There is a growing movement within the EU/PC community to begin revisiting Birkeland's "empirical" approach, and to return to the empirical testing of various electric sun models, including both cathode (Birkeland) and anode (Juergen's) configurations, and comparing the lab results to SDO imagery. This is going to be a great decade in terms of our understanding of solar physics IMO. EU theory is about to take over astronomy, starting with solar theory.

 

[Michael]

Plasma screens enhanced as disorder strikes: Study looks at ways to improve the quality of matter akin to that found in plasma screens

Under certain circumstances, plasma tends to form structures such as filaments of electric discharge akin to mini-lightning. The authors specifically investigated a so-called barrier discharge, which features at least one electrical insulating material within the discharge gap that acts as an electrically insulating barrier and can be used as a plasma source.

Most EU haters are so ignorant of plasma physics that they have claimed that electrical discharges could not occur in plasma.

 

[Loudmouth]

Most EU haters are so ignorant of plasma physics that they have claimed that electrical discharges could not occur in plasma.

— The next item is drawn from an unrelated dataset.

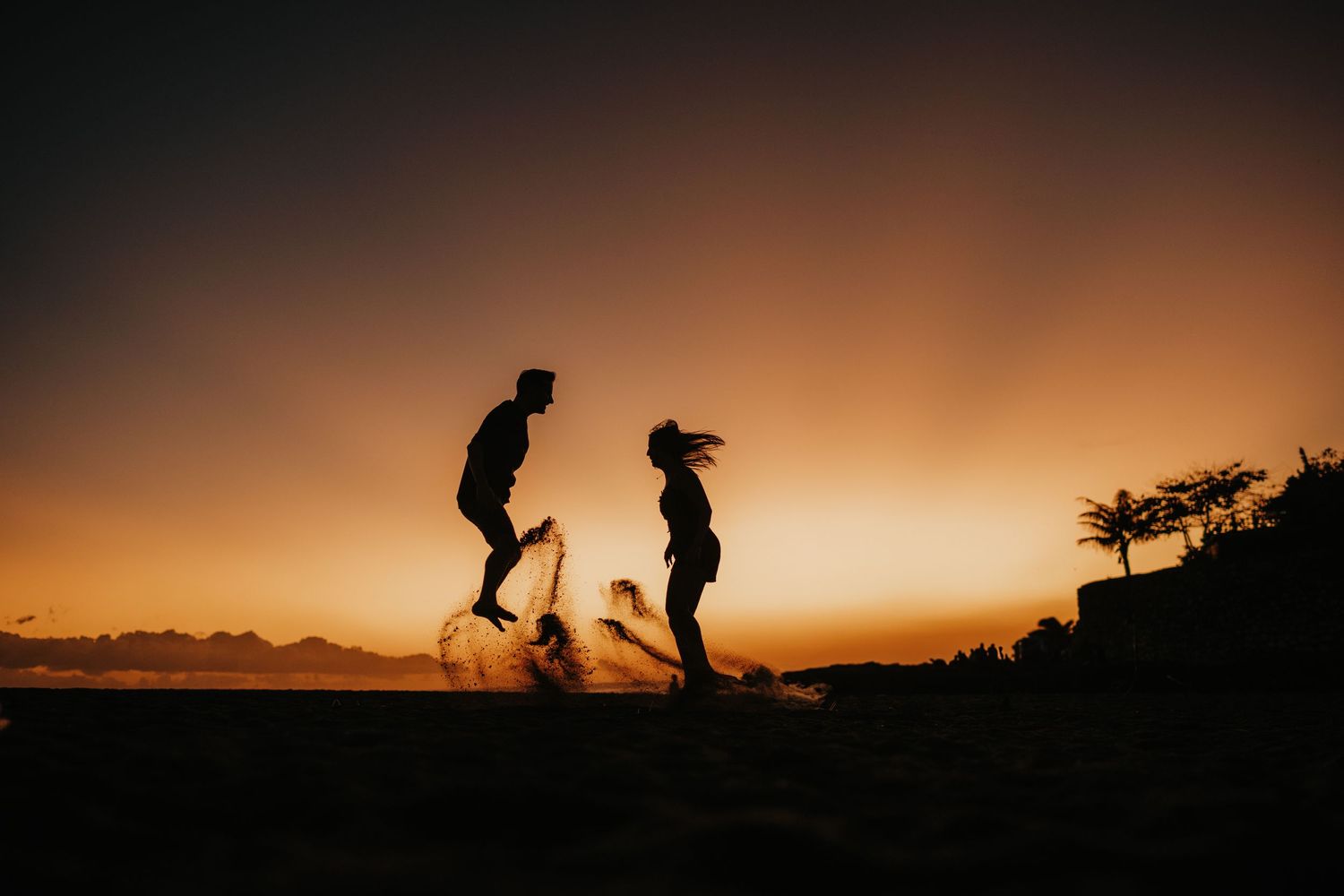 Playful silhouettes dancing on hilltop during vibrant sunset.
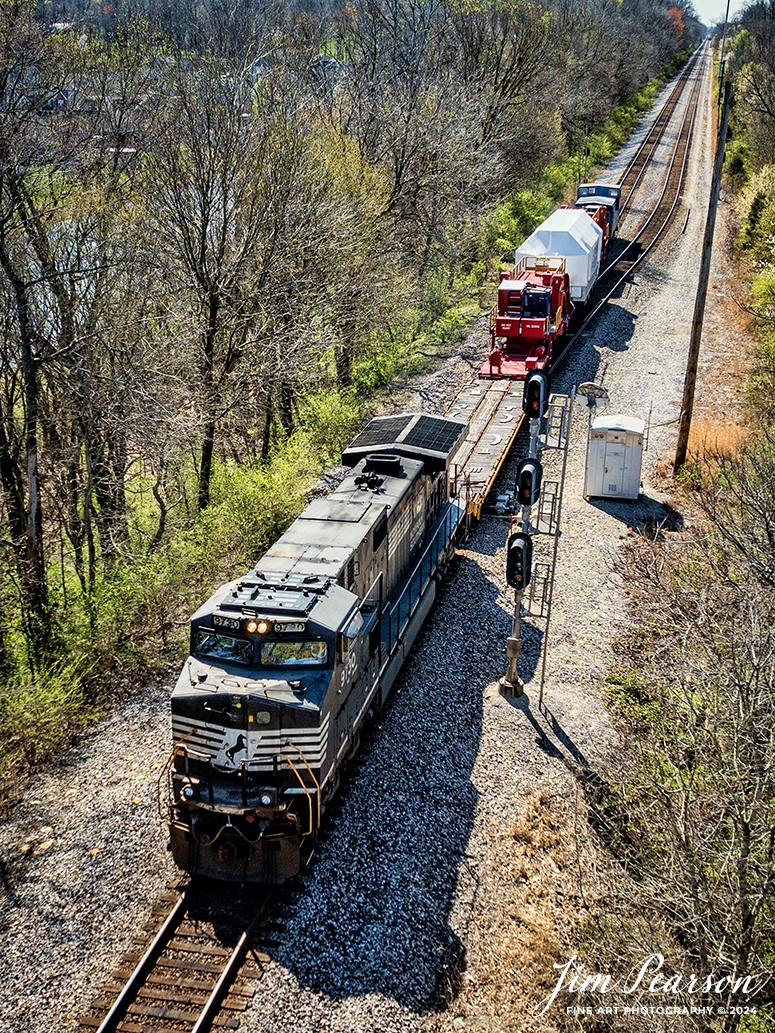 Norfolk Southern 3730 leads CSX S991 with an oversized Turbine load from Siemens Energy on a depressed flatbed northbound from the north end of Harwood at Evansville, Indiana, on the CSX Evansville Terminal Subdivision, on March 20th, 2024. 

B229 originated at Birmingham, AL and is headed for New Castle, PA. I caught this move just north of Evansville, IN and gave chase to Patoka, Indiana. 

Tech Info: DJI Mavic 3 Classic Drone, RAW, 22mm, f/2.8, 1/1250, ISO 130.

#trainphotography #railroadphotography #trains #railways #jimpearsonphotography #trainphotographer #railroadphotographer #csxt #dronephoto #trainsfromadrone #trending #csxcedsubdivision #norfolksouthern #trending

If I am reading it correctly, it says that the discharge occurs across an insulator and not within the plasma itself.

"Under certain circumstances, plasma tends to form structures such as filaments of electric discharge akin to mini-lightning. The authors specifically investigated a so-called barrier discharge, which features at least one electrical insulating material within the discharge gap that acts as an electrically insulating barrier and can be used as a plasma source."

 

[Michael]

If I am reading it correctly, it says that the discharge occurs across an insulator and not within the plasma itself.

"Under certain circumstances, plasma tends to form structures such as filaments of electric discharge akin to mini-lightning. The authors specifically investigated a so-called barrier discharge, which features at least one electrical insulating material within the discharge gap that acts as an electrically insulating barrier and can be used as a plasma source."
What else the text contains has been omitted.